The nakedness of the manly, euneched dolls is one of the main topics of discussion in Rocketboom’s comments forum for the vids.  Several people have wondered, “why are they naked?”  One possibility:  “To represent the purity of man?  or just ‘wooo hooo! They’re naked!'” 

Quirk says that their nudity is “important to me,” and if he had his way he’d be “naked all summer.”  Fair enough, but why are there no naked females?  Quirk answers,  “If the part calls for a female, she definitely won’t be wearing any clothes.  It’s how I roll.”  But in fact there are some female characters (human and plastic) and none of them are in their birthday suits.  What’s up with that? 

Is Quirk reversing traditional depictions of men and women, this time making the men the objects of sexual allure?  Does their being neutered further reverse that hierarchy?  What about the possible homoeroticism of the male nudity?  Quirk says, “Nothing homosexual about nudity.  It’s how we’re all born, ya know.”

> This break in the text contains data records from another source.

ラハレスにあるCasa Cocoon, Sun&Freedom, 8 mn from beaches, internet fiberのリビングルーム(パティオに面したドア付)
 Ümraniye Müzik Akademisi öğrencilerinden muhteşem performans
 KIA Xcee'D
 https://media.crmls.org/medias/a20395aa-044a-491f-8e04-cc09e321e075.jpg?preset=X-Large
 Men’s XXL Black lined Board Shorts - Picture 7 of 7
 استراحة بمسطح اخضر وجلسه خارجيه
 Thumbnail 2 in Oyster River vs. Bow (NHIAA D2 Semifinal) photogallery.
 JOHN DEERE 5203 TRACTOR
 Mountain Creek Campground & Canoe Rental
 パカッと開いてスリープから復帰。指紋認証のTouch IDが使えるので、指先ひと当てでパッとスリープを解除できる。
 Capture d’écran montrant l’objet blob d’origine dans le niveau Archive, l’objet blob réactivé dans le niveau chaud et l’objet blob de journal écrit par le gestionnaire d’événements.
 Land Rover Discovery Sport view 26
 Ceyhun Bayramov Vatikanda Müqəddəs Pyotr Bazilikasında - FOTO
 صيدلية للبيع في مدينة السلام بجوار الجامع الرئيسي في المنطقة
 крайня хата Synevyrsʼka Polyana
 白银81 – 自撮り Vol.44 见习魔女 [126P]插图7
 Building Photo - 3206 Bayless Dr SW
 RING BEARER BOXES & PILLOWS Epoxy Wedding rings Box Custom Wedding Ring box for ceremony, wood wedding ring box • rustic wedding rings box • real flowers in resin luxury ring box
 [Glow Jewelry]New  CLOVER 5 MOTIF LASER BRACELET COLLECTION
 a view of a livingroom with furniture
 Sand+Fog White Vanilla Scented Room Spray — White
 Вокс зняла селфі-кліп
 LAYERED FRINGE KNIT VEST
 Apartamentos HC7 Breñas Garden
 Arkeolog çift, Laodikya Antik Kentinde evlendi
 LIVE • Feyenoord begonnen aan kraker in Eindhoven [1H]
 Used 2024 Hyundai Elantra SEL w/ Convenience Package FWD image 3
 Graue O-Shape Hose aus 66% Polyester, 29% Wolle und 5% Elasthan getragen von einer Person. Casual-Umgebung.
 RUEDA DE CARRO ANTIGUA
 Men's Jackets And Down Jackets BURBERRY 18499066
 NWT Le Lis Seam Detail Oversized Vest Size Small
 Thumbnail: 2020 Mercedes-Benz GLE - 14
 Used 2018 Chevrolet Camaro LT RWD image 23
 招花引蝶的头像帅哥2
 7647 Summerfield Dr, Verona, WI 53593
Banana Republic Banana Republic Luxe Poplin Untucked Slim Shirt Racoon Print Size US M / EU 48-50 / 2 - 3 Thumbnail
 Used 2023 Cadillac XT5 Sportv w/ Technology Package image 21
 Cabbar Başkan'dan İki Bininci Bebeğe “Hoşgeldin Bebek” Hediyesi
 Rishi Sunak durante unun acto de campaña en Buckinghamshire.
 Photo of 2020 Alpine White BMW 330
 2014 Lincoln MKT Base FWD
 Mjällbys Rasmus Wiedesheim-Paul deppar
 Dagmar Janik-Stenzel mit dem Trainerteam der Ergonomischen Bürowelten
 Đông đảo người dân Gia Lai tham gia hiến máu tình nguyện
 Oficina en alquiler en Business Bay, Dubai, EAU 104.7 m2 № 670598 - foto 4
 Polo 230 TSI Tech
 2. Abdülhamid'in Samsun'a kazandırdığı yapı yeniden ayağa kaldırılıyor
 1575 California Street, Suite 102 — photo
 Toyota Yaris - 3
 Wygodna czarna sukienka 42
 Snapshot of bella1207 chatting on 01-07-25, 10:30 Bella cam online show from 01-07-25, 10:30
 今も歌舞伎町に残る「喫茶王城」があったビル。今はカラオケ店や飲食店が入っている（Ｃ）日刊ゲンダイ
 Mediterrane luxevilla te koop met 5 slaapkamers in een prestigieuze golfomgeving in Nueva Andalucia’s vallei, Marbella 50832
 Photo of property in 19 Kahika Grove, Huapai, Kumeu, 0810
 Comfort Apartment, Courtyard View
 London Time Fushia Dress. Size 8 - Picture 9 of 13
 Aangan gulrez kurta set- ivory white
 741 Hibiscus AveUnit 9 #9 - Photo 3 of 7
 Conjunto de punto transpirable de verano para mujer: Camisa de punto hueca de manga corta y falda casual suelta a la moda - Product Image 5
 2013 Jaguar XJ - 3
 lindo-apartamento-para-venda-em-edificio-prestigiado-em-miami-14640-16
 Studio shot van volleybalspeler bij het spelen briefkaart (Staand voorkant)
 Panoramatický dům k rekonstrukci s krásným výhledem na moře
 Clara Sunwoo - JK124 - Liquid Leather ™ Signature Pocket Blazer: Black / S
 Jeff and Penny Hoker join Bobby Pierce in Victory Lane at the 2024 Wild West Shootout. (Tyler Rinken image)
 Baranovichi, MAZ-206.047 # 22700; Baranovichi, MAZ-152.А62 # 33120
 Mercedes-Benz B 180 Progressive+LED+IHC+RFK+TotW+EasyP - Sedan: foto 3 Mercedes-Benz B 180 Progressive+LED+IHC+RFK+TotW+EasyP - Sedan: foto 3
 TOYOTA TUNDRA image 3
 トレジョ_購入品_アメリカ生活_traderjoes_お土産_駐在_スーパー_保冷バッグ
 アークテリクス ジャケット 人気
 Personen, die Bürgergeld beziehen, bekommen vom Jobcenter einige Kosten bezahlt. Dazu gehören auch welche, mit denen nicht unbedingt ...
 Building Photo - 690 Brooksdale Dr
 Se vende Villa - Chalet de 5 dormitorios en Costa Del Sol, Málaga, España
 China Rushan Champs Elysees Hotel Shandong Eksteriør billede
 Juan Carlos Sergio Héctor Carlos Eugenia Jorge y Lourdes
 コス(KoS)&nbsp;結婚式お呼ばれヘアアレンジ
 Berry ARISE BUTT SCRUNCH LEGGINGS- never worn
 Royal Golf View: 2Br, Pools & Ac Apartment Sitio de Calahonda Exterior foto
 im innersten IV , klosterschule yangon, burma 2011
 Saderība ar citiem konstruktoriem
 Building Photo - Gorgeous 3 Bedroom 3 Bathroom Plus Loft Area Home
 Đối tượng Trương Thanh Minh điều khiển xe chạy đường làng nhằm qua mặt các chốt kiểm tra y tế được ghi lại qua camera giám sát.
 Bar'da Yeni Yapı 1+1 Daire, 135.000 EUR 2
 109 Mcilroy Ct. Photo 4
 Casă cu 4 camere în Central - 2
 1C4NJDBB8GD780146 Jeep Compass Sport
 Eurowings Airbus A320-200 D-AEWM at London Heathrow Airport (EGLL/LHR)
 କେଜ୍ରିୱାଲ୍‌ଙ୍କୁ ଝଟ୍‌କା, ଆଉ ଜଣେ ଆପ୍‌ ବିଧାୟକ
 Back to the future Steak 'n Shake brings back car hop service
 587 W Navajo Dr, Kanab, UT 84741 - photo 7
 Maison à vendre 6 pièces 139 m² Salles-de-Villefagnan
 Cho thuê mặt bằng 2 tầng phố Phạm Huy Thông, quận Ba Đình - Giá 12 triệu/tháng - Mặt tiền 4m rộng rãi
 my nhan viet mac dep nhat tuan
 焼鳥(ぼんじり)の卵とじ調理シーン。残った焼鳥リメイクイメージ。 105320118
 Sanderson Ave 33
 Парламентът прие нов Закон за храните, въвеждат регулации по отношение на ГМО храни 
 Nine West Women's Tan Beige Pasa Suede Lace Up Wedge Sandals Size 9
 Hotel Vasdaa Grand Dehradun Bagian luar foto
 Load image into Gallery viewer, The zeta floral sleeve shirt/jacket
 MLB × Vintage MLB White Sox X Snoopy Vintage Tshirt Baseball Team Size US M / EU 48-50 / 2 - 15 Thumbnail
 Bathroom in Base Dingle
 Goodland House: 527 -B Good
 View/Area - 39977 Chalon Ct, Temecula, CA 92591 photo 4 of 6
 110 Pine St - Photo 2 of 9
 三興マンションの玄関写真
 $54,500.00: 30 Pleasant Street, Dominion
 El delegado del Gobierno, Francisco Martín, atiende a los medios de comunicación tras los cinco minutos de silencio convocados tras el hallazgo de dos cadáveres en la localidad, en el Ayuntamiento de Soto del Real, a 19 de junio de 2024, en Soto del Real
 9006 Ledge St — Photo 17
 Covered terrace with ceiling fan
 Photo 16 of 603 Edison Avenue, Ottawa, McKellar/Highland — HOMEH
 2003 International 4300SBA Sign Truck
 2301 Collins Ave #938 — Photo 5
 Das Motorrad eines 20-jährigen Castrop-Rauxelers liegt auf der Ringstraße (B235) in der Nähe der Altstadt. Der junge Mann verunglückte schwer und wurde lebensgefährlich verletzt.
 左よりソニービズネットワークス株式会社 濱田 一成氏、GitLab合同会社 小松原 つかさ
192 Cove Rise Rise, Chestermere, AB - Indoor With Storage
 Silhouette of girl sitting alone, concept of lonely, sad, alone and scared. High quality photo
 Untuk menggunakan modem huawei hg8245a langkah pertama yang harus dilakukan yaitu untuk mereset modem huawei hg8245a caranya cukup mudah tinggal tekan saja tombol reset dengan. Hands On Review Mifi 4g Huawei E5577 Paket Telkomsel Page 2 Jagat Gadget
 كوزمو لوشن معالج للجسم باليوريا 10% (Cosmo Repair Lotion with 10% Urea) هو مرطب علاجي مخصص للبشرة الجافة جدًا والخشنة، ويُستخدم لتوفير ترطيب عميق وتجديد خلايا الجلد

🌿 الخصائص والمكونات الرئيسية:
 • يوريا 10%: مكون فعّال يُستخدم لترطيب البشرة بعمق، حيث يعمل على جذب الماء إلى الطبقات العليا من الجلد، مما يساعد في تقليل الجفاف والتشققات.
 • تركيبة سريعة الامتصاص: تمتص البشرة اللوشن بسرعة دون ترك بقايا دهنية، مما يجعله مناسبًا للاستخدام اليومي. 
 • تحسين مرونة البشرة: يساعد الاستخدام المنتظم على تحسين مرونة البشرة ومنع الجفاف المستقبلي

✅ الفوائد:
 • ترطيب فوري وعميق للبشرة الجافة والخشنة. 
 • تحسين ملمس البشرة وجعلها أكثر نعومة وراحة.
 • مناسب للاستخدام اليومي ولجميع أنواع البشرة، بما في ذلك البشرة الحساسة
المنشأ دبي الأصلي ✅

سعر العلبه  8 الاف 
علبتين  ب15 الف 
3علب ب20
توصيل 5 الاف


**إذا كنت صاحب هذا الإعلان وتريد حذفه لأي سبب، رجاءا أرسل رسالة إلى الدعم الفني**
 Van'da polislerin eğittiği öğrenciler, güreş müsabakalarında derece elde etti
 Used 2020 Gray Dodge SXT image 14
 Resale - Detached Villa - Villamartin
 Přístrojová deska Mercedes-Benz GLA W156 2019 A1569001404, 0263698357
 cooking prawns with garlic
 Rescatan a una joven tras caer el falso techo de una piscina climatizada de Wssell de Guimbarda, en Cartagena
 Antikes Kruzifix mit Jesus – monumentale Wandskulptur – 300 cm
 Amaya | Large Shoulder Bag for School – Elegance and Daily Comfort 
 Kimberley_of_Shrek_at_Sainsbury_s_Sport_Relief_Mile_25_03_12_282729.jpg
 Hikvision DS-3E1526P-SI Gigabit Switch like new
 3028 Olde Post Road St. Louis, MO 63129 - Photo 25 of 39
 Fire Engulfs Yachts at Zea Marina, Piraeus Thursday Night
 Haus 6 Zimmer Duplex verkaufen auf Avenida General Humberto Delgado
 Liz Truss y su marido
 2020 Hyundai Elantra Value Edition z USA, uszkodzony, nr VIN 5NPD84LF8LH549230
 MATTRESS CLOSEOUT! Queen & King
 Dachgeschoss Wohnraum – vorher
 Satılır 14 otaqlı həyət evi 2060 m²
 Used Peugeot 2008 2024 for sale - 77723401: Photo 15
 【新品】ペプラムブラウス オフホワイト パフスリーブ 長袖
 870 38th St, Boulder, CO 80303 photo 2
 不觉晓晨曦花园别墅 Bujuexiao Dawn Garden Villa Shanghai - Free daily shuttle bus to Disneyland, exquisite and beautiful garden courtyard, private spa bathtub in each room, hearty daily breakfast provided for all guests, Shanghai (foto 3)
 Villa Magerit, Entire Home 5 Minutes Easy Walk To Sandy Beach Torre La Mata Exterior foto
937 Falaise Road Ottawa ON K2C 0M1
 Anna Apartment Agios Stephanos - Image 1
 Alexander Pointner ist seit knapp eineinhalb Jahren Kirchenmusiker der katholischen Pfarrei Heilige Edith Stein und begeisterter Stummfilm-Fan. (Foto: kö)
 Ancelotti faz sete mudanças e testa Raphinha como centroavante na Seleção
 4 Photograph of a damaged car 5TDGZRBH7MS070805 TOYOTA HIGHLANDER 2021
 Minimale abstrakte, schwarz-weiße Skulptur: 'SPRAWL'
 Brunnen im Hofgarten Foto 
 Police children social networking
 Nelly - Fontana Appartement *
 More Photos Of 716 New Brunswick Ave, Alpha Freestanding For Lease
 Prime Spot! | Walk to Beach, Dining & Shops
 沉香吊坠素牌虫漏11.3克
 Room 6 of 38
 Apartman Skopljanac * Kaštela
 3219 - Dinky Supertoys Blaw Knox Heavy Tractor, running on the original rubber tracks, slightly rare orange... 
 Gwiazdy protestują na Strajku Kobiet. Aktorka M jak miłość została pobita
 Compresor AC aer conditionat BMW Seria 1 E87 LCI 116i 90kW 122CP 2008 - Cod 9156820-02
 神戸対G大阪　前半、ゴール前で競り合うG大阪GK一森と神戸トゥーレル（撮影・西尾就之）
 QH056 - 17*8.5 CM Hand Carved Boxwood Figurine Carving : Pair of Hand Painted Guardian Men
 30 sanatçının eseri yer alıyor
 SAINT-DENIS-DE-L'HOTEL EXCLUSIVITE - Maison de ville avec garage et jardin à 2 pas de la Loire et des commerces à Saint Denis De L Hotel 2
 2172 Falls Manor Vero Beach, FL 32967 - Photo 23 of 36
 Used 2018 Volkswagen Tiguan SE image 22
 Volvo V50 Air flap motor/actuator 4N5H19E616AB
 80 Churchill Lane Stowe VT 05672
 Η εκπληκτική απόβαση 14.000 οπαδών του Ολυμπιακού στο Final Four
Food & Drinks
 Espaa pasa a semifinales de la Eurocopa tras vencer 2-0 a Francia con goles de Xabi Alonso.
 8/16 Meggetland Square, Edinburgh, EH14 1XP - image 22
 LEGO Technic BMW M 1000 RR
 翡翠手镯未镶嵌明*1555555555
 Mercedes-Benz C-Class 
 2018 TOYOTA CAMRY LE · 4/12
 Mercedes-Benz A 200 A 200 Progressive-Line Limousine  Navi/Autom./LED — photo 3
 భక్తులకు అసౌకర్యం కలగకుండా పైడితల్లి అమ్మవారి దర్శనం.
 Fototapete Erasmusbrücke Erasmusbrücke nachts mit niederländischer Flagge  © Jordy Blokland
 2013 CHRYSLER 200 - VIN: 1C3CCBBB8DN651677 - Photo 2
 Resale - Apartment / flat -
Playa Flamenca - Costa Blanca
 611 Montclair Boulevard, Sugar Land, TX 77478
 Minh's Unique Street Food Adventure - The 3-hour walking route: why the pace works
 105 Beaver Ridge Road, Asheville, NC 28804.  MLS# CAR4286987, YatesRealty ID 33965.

Regardless of the reasoning, the dolls and gender issues remind me of Barbie Girl as well as Jeff Foxworthy’s comedy bit about his daughters’ playthings being strewn around the house:  “Naked-Barbie Woodstock…I have a fantasy of being GI Joe on a three-day pass.” 

Just imagine what Quirk could do with his own Barbie video, perhaps adapting something like The Scarlet Letter.